Given the time necessary for new drugs to enter the market there are limited options for other providers of epinephrine, but there are options. FARE, the Food Allergy Research and Education is one of the nation’s largest allergy focused organizations, and has build out a great resource for EpiPen alternatives.

For schools, Mylan has their EpiPen4Schools program which provides two sets - one adult and one Jr. -  to have on campus in the event of a severe allergic reaction. If a school is going to pursue this program, there will need to be a physician to sign-off for the medication and it is best if the entire adult community is properly trained. Use of EpiPens is now a component of most fundamental first aid classes, as well as CPR / AED training. Training videos can also be found online, while we encourage the use of the trainer devices for practice with the allergic individual prior to actual need. Building muscle memory and normalizing the administering of medication will be incredibly beneficial during times of stress.
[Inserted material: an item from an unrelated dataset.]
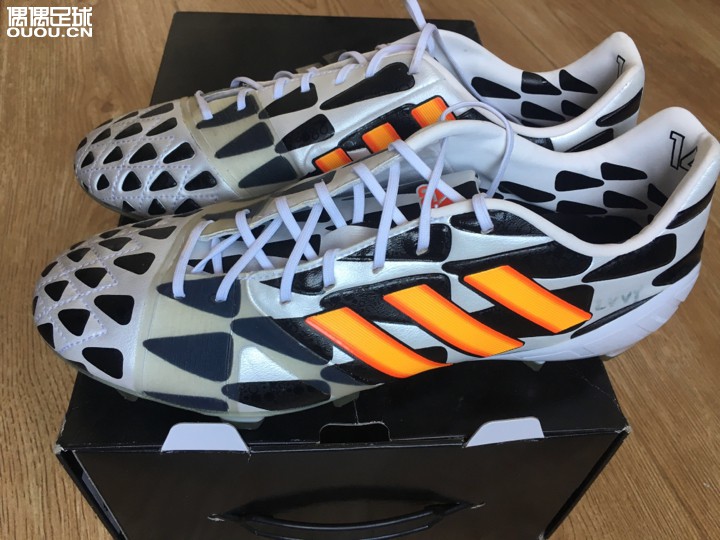 朋友送了一双2014世界杯奶牛配色狂战士fg 有没有大神了解这双鞋的拿到讲解一下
One important safety tool that every allergic individual needs to be sure to have is a medical ID bracelet. These simple and critical identifiers enable others to know key pieces of information, are are also great ways to have younger people own their health and become comfortable talking about any conditions or potential allergic reactions. In times of emergency the details provided on a medical ID bracelet can truly be life saving, not just for food allergies.  

With the coming start of school, questions concerning food allergies will probably become more frequent, and it is important that we all take part in doing this small step to be sure everyone can stay safe. If you are hosting family and friends towards the end of summer make sure you are aware of any food restrictions, and consider having ingredient cards available if unsure of your guest’s medical conditions. If you are allergic wear a medical ID bracelet or pendant, be sure to carry the proper medications with you, and share your story with others. Take the time to demystify the associations to allergies through stories and education.